[Exercise] What you copy should be the lines from the one with "Peugeot 208 1.2 PureTech Active Pack - 38" through the end of the entries, word for word. Omit the pictures.

[Data to process]
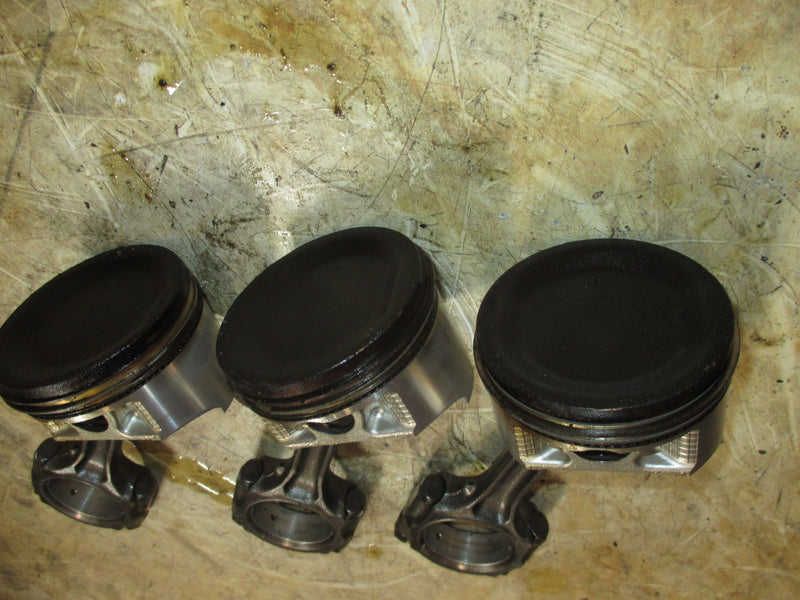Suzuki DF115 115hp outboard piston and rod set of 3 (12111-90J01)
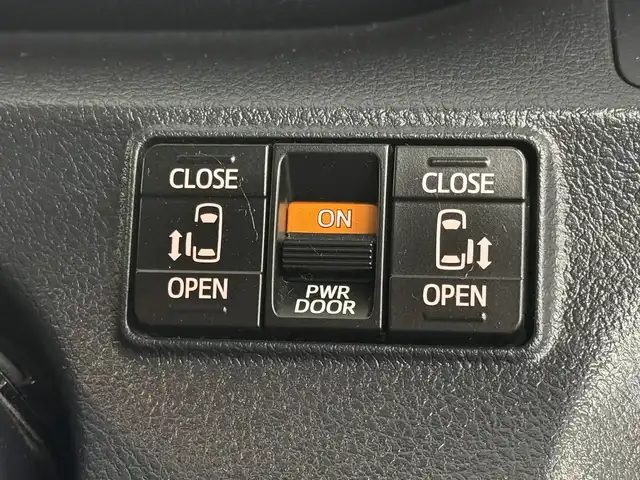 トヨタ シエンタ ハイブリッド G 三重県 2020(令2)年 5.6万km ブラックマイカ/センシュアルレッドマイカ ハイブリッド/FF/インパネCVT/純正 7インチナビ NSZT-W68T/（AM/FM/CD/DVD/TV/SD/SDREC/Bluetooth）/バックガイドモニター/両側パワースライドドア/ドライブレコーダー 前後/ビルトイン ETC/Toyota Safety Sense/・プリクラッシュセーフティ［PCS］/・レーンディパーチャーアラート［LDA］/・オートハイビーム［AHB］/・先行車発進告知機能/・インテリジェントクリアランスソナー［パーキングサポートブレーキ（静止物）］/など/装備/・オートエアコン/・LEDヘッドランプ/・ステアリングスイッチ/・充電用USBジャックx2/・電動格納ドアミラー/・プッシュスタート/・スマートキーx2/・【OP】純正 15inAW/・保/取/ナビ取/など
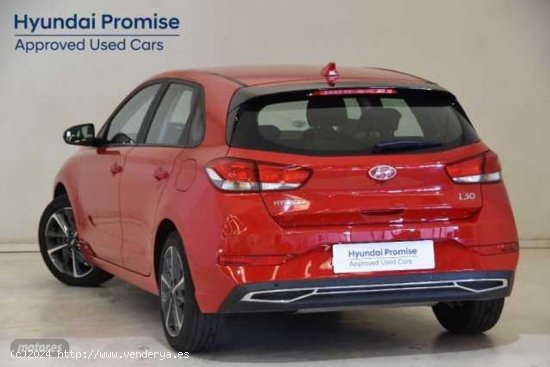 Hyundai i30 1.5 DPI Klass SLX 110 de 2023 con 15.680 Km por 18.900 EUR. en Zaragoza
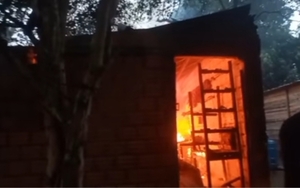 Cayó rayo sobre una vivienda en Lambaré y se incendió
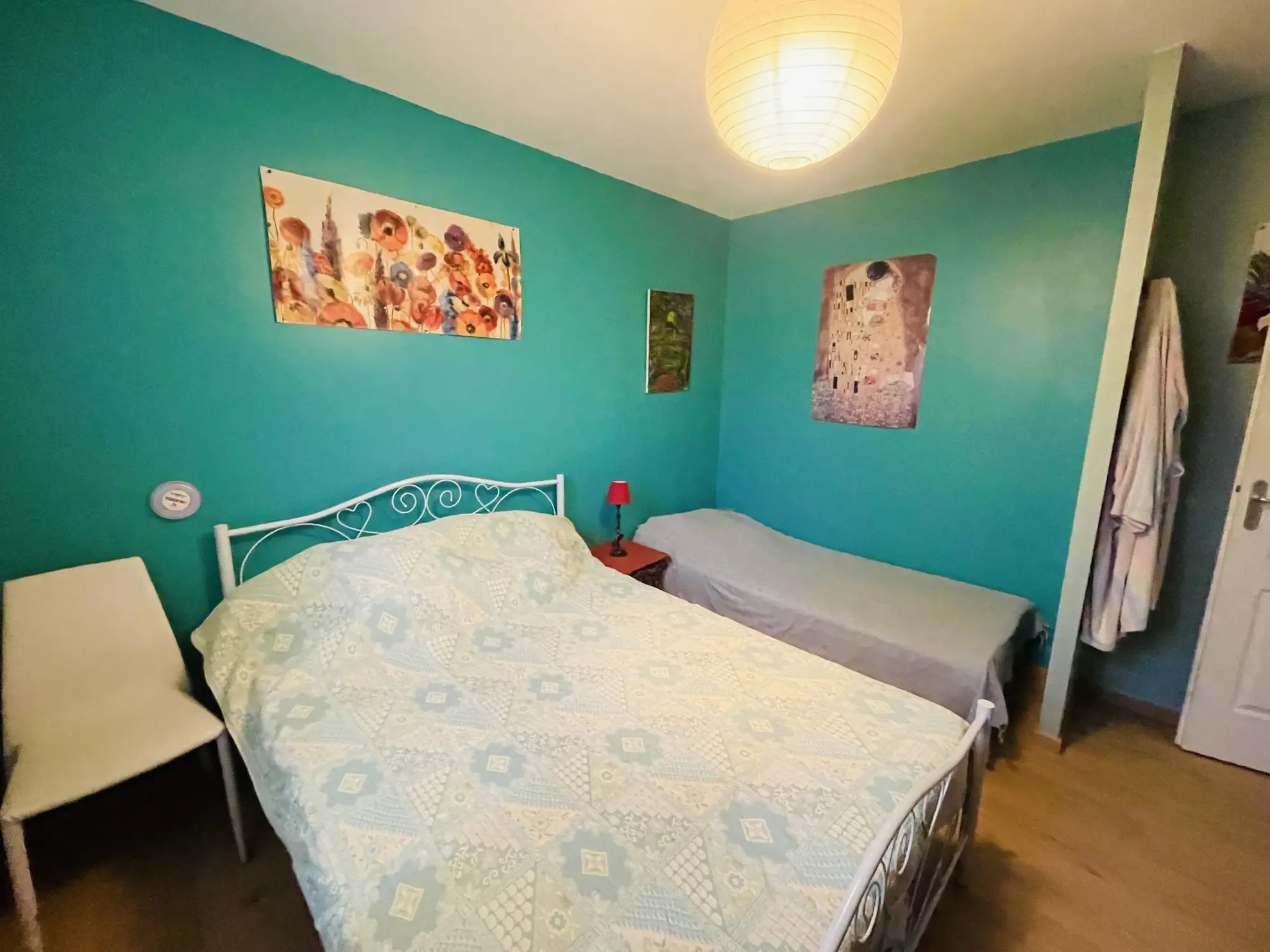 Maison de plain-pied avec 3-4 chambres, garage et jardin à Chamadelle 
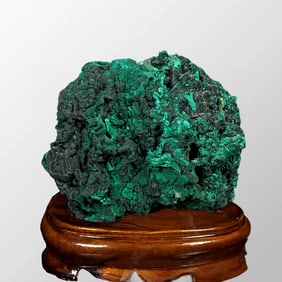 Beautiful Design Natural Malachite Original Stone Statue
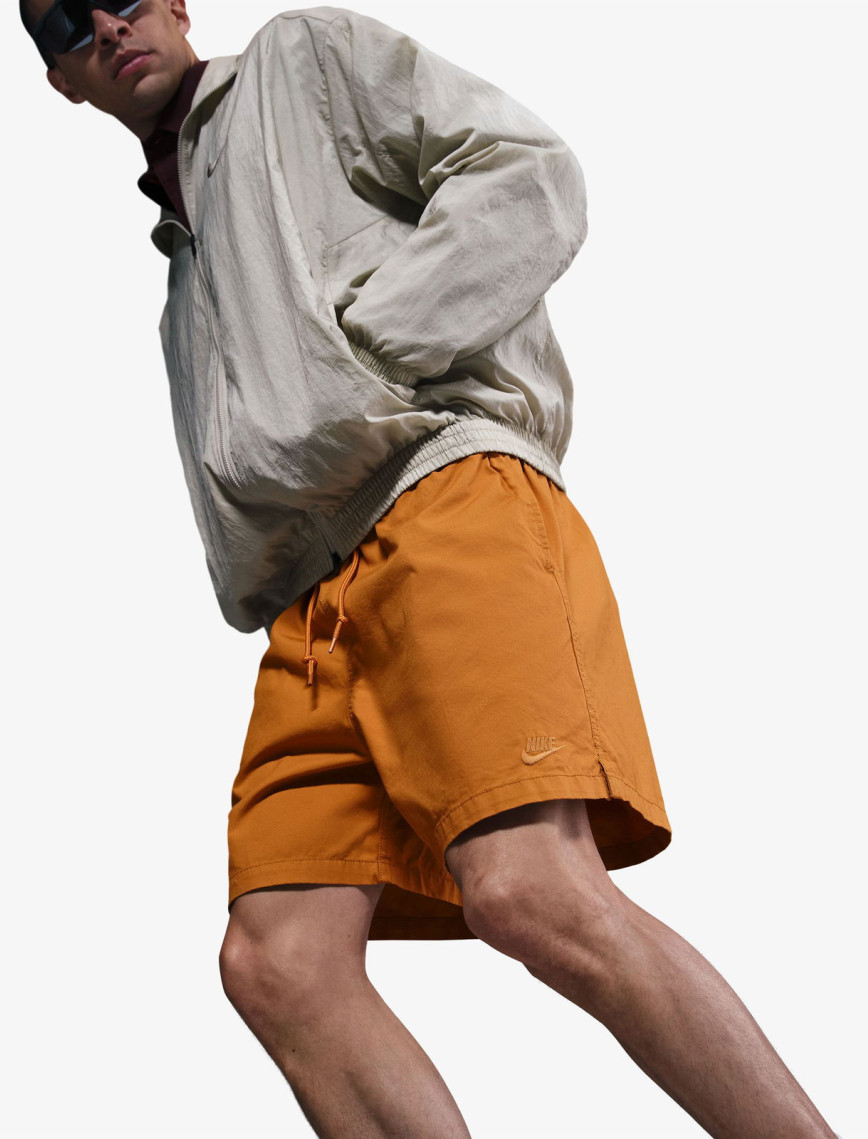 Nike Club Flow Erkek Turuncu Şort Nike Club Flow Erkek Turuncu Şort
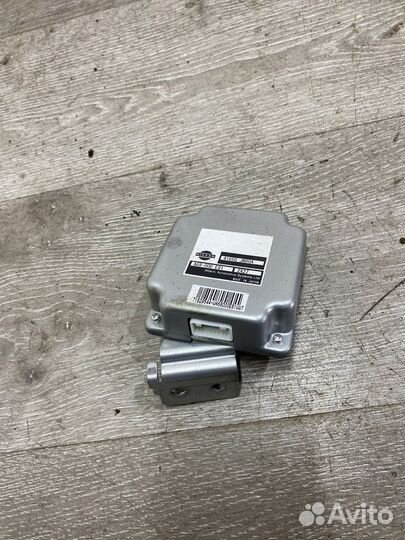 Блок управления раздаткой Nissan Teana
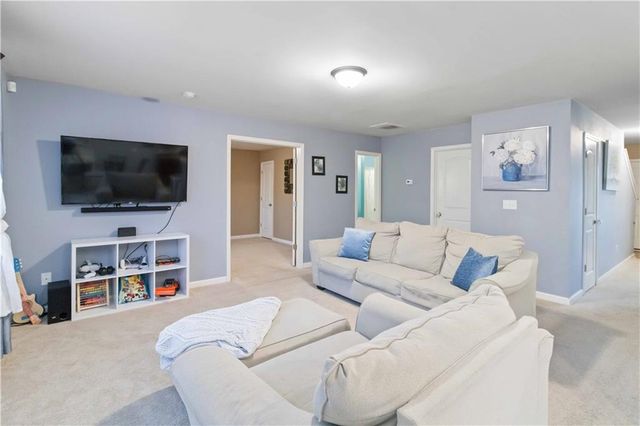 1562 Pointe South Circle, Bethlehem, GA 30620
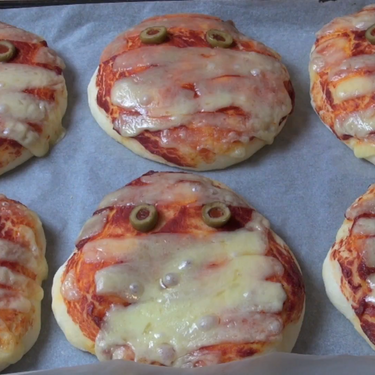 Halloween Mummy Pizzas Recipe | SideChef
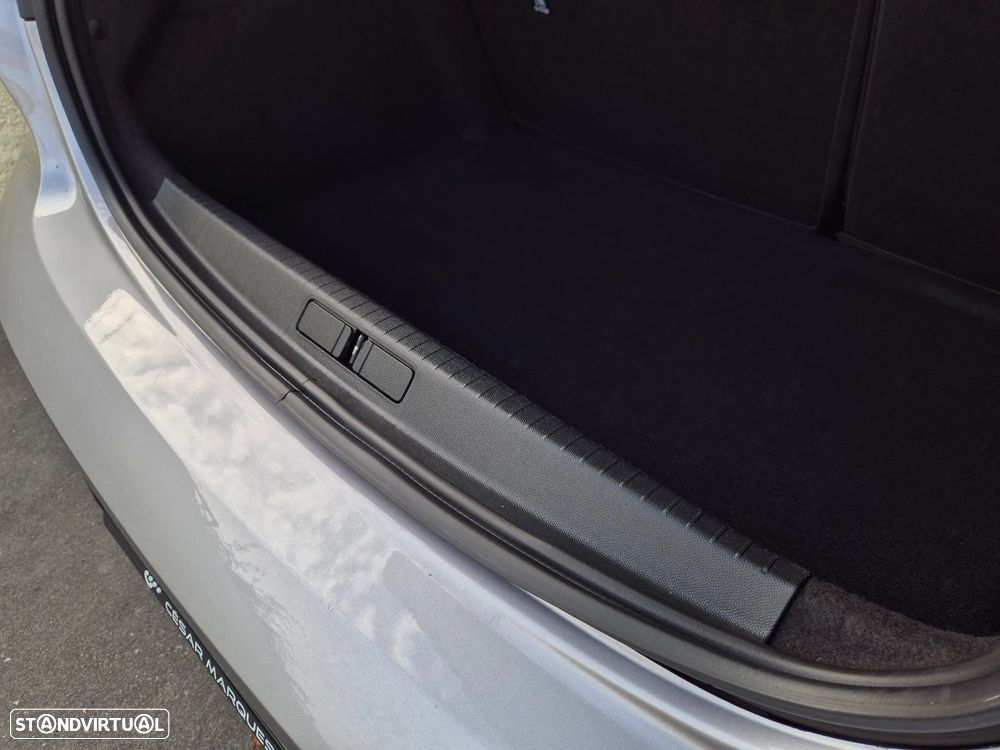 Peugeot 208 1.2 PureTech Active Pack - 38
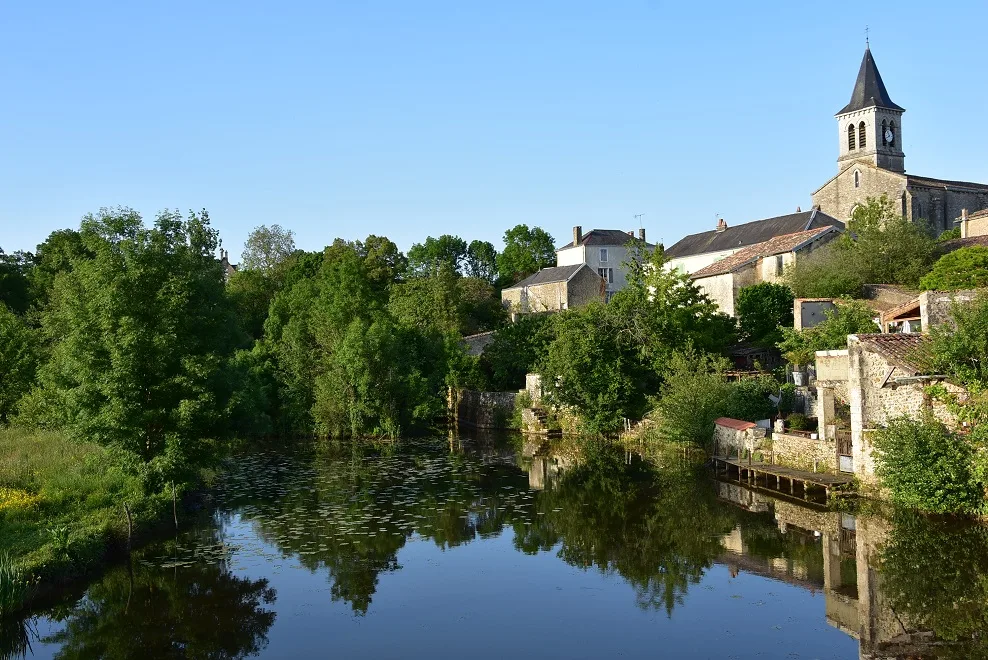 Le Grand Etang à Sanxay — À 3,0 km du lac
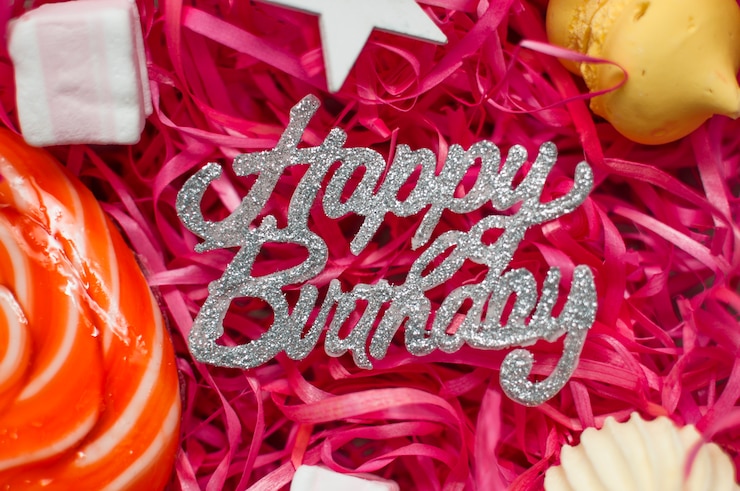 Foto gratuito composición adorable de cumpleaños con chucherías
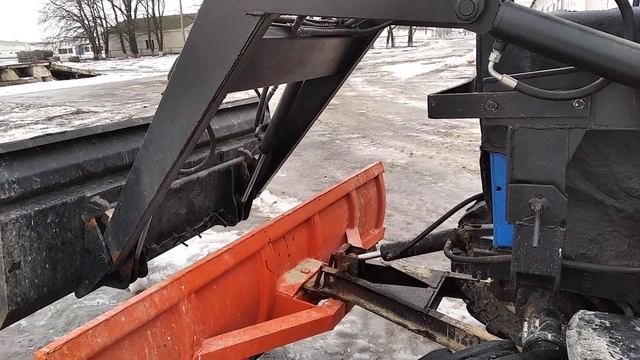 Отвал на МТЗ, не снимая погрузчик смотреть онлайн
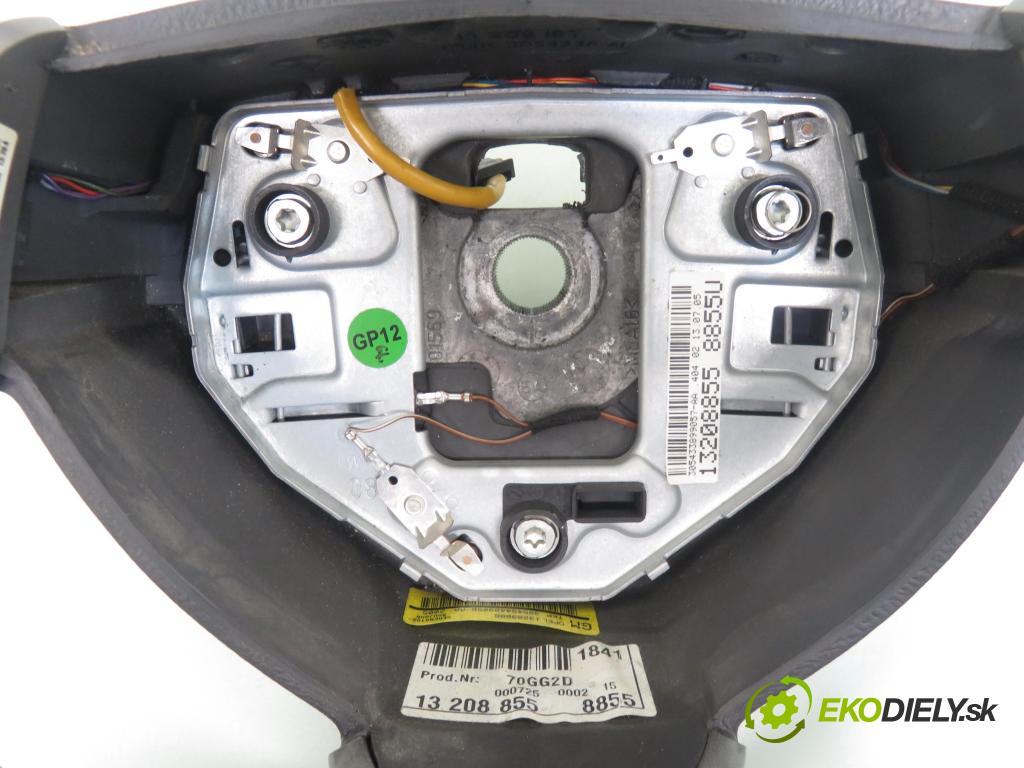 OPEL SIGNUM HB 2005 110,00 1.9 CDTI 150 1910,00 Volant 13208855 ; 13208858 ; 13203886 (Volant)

[Response area]
 Peugeot 208 1.2 PureTech Active Pack - 38
 Le Grand Etang à Sanxay — À 3,0 km du lac
 Foto gratuito composición adorable de cumpleaños con chucherías
 Отвал на МТЗ, не снимая погрузчик смотреть онлайн
 OPEL SIGNUM HB 2005 110,00 1.9 CDTI 150 1910,00 Volant 13208855 ; 13208858 ; 13203886 (Volant)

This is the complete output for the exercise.